You have two beakers of solutions. One beaker has 4x10^-6 moles MgCl2 in 40 mL solution, with a Ksp of 4.1x10^-20. The other has 4x10^-6 moles NaCl, in 50mL, Ksp of 3.6x10^-11. What is the osmotic pressure, boiling point temperature, and vapor pressure for each? Which beaker is each property higher for?

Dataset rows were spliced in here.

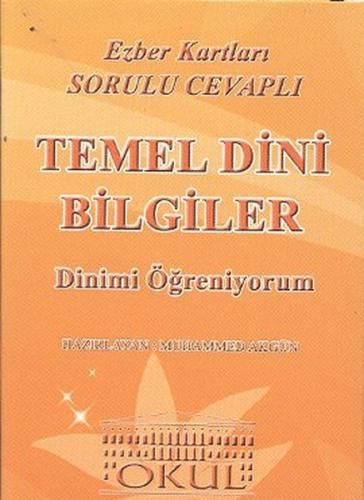 cukurovakitap.com.tr cukurovakitap.com.tr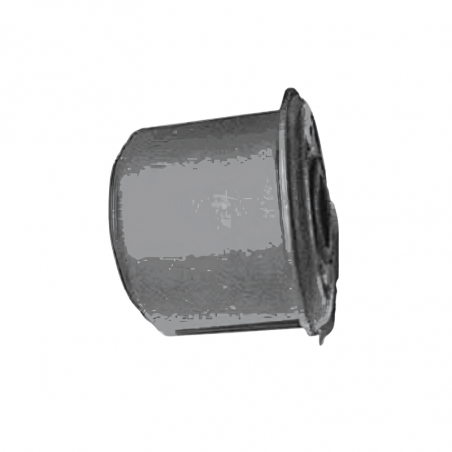 BUJE PIVOT DE SUSPENSION CAPEMI 3197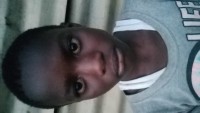Otieno Bravin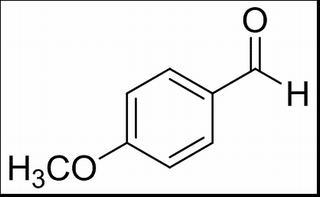 4-茴香醛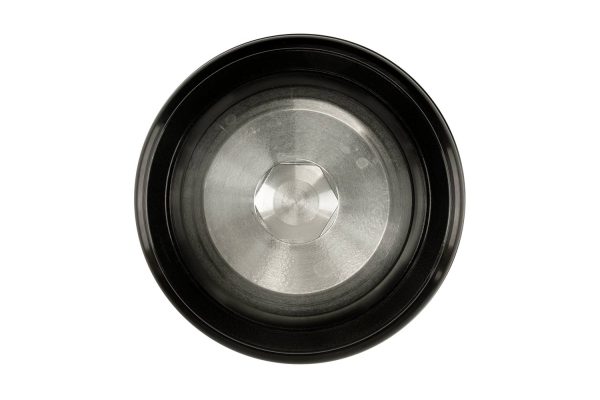 Turbosmart BOV ProPort BOV Sleeper - Image 4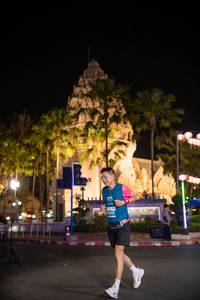 BIB: 4152
                            <button type="button" onclick="openModal(15515955)" class="btn btn-primary btn-sm float-right btn-popup" data-toggle="modal" data-target=".modal-high-quality">
                        <i class="fas fa-shopping-cart"></i> Add to Cart
                    </button>
                                            <button type="button" onclick="isThisMe(15515955, true)" class="btn btn-success btn-sm float-right btn-popup btn-isme hidden" data-toggle="tooltip" data-placement="bottom" title="นี่คือรูปของคุณใช่ไหม คลิกที่นี่เพื่อเอาเข้าอัลบั้ม">
                        <i class="fas fa-plus"></i> Add to album
                    </button>
                    <button type="button" onclick="isThisMe(15515955, false)" class="btn btn-warning btn-sm float-right btn-popup btn-isnotme hidden">
                        <i class="fas fa-ban"></i> Remove from album
                    </button>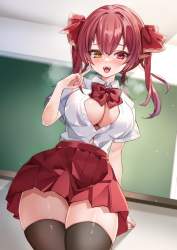 971333 B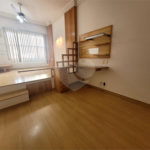 Apartamento à venda com 4 quartos, sendo 1 suíte, em Copacabana, Rio de Janeiro, RJ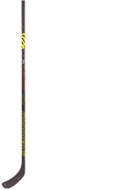Sherwood Rekker Legend 1 SR Senior, 75, L, PP92MX, SW23 - Hockey Stick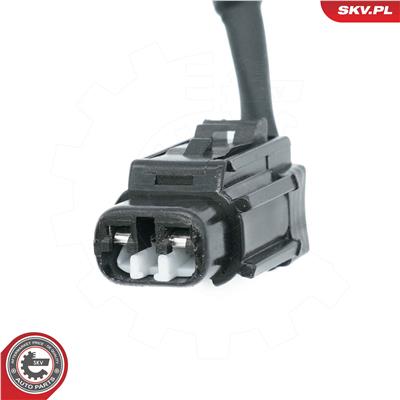 ESEN SKV 06SKV480 EAN: 5903968473235.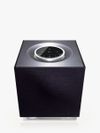 Naim Mu-so Qb 2nd Generation...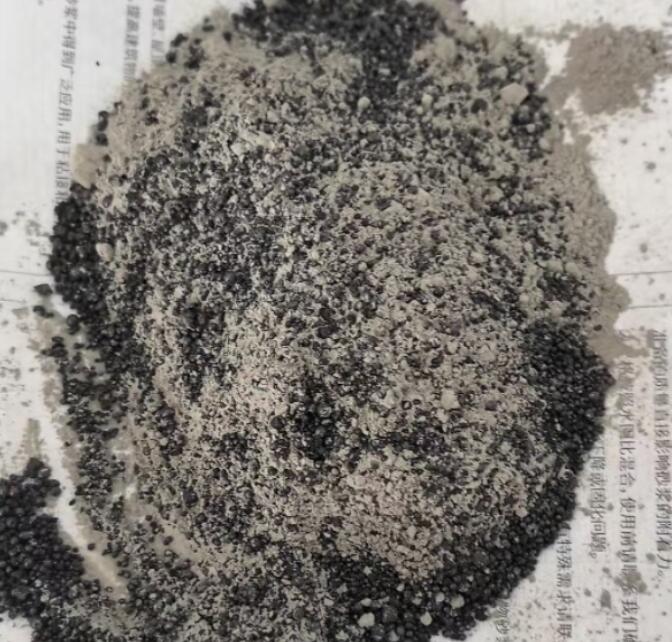 四平不发火砂浆耐磨地坪施工方案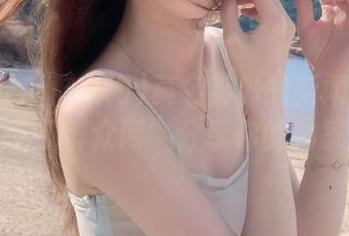 莫名其妙的新闻？快来“五一吃瓜群众网”分享你的独家见解！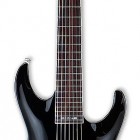 ESP LTD SC-207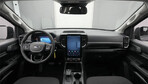 Ford Ranger XLT PHEV A10 4x4 2.3 281KM Pick-Up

I understand that this question involves IP, Ksp, molarity, etc... but I do not understand what to do exactly. Thanks a lot.
Molar solubility is concentration. It's the number of moles/Liter of solution that dissolves. so 4e-6/ 4e-2=4e-4 M/L of MgCl2. 4x^3= 4.1* 10^-20. Divide by 4= 1.025e-20=x^3= 10.25e-21= 2.whatever e-7. What does this mean? We have more than can be dissolved so most of it will remain solid.

4e-6/5e-2= .8e-4= 8e-5 Moles/Liter of NaCl. Well, 36e-12=x^2= 6e-6 for molar solubility. You have 6e-6 of both Na+ and Cl-. The total is 12 e-6 or 1.2 e-5 ions. More NaCl will dissolve than MgCl2. The amount of Cl in MgCl2 is 2*2e-7=4e-7 along with 2e-7 Mg +2. You have a total of 6e-7 ions of MgCl2. So, you have more ions dissolved in NaCl solution than the MgCl2 not surprisingly. You would need avogrado's number in order to calculate moles of actual solute but this is unnecessary.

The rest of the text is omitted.